C.Kwon

Carried Away With Emotion

CKwon 2008. 8. 18. 01:15

Over the years Bela Karolyi has put his bearlike self in front of so many cameras, hugging so many of his tiny girl gymnasts, that I almost cannot stand to watch anymore. Those hugs are self-promotional in nature, done for the benefit of the judges and, one supposes, the little girls watching on TV who might one day aspire to train in Karolyi's gym. Rest assured, he doesn't hug his charges like that when they practice till the tears fall. His displays of affection are affected for the eyes of the crowds.

 

But when Karolyi carried injured Kerri Strug in his arms like a crippled child so that she could receive her team gold medal with her teammates, I couldn't look away. This was no contrived Karolyi moment. A few minutes before, Strug had been helped off the floor, weeping, having collapsed with two torn ligaments in her left ankle after her final vault. She was placed on a stretcher and fitted with a temporary cast, then told she was being taken for X-rays. "Bela! Bela!" Strug called out, crying. "They're taking me to the hospital."

 

"No one's taking you anywhere until you get your gold medal," he assured her, lifting her off the stretcher. Strug's teammates, wondering about her condition and whereabouts, had refused to proceed to the medal stand without her. Reunited, the American team marched out as a group, Strug and Karolyi last.

 

"Wave to the crowd, Kerri," Karolyi whispered, and she did. As the coach looked down at his longtime pupil, the girl who had always been No. 2 in his gym, the quiet, competent understudy, Karolyi's eyes were filled with pride and something I had never seen in them before: respect. Her bravery had surprised even him.

 

That shy, halting wave of Kerri Strug's was filled with many emotions: pride, humility, pain, even sadness, for Strug, unused to the starring role, had no idea that she was perceived as a hero.
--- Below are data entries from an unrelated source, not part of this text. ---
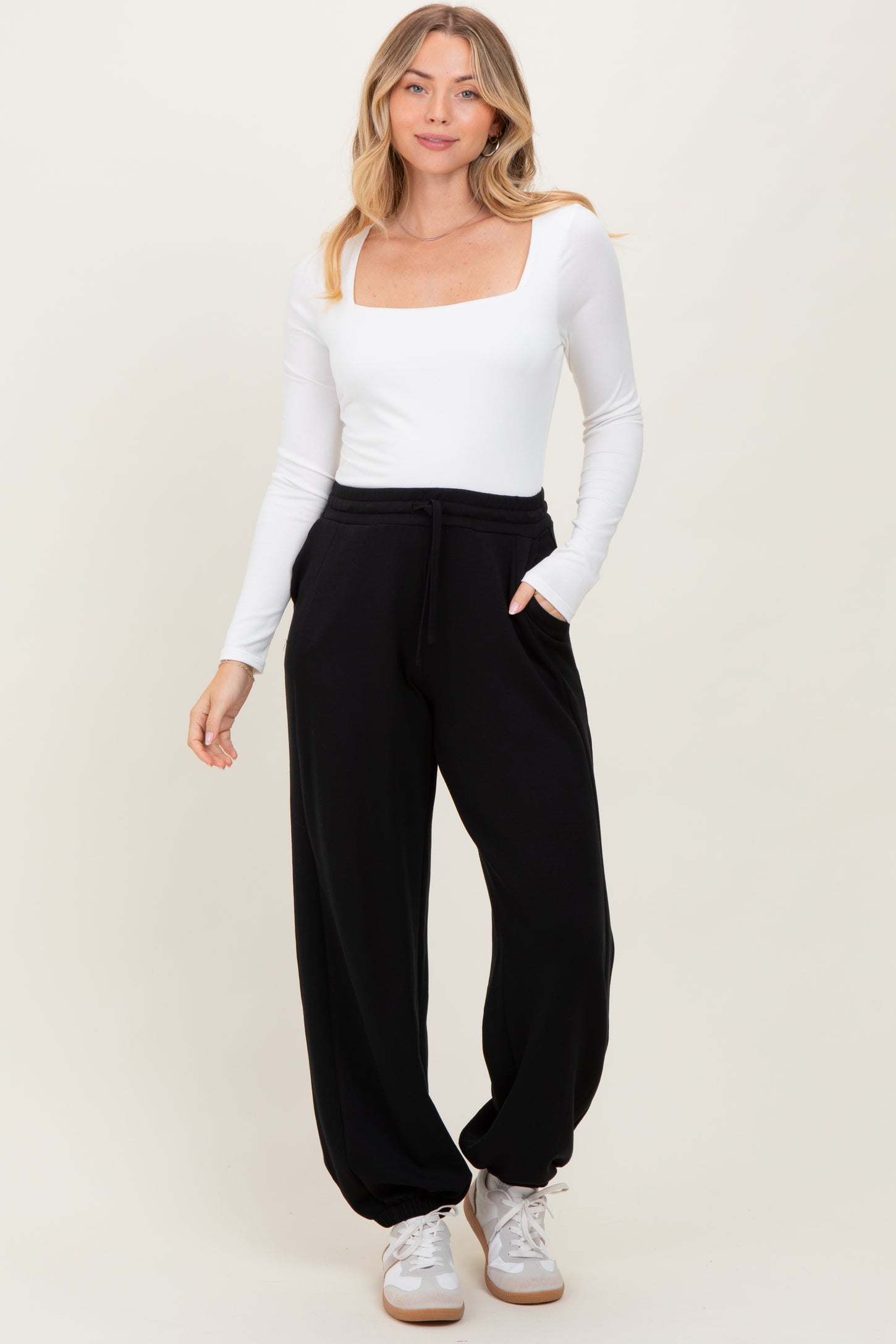 Black Scuba Drawstring Waist Relaxed Maternity Jogger Sweatpants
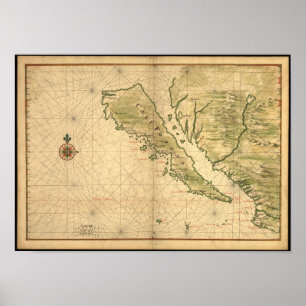 Poster Carte de la Californie des années 1650 vintage - p
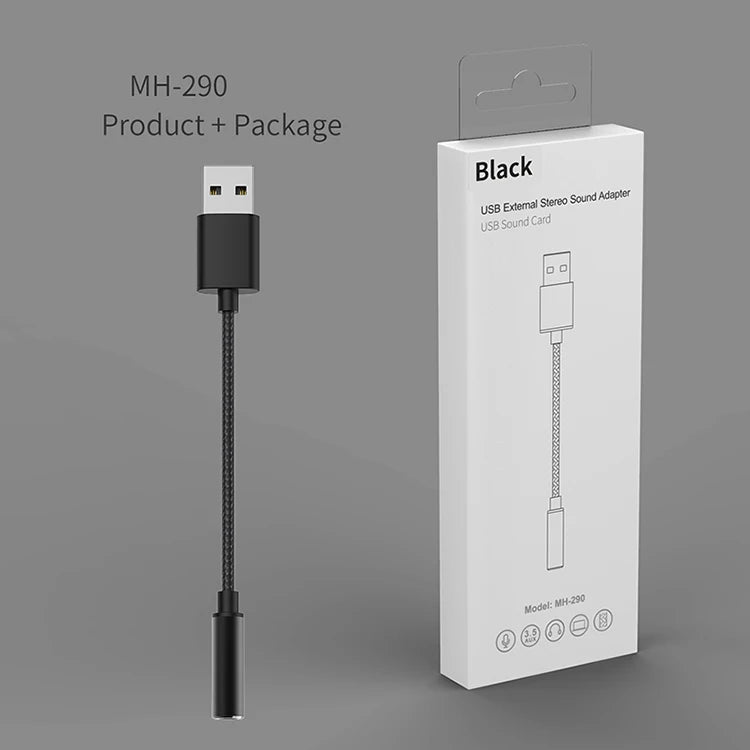 JMT-251850 USB to 3.5mm Audio Jack Adapter for Headsets and PCs, Compatible with Linux and PS4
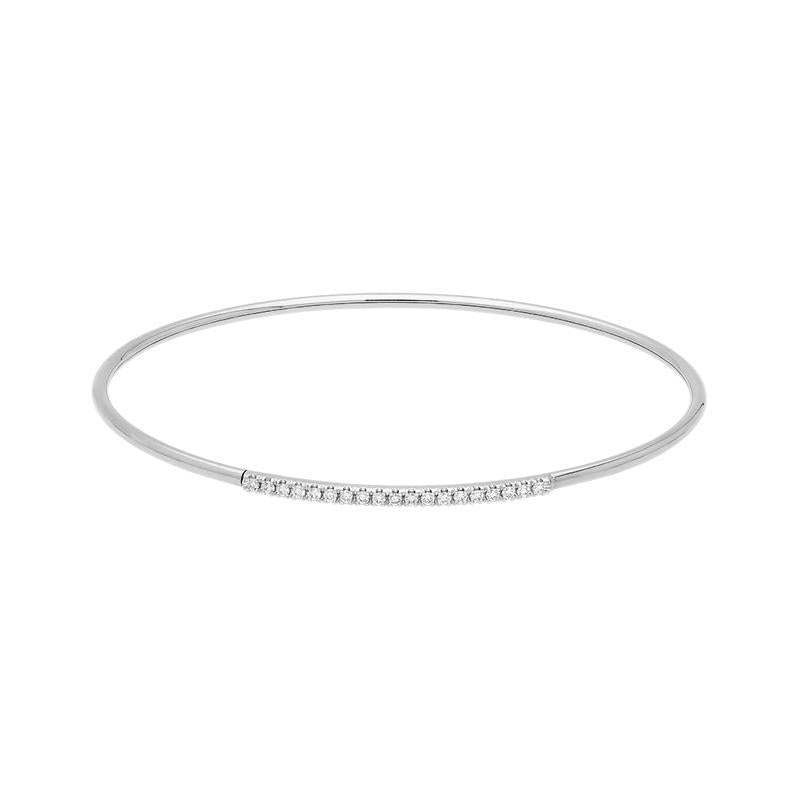 18ct White Gold 0.18ct Diamond Bangle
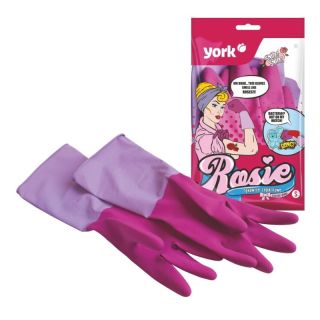 York Rosie Scented Rubber Gloves Pink Size S (36092390)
All she knew, beyond the certainty of the gold medal, was that she had injured herself too badly to compete in the individual all-around competition two days later, a goal she'd clung to for the past four years. Thus was her moment of greatest triumph also her moment of greatest disappointment. Her will had found a way to block out the pain for a few crucial seconds, but it had exacted a punishing price. She had literally sacrificed herself for the team.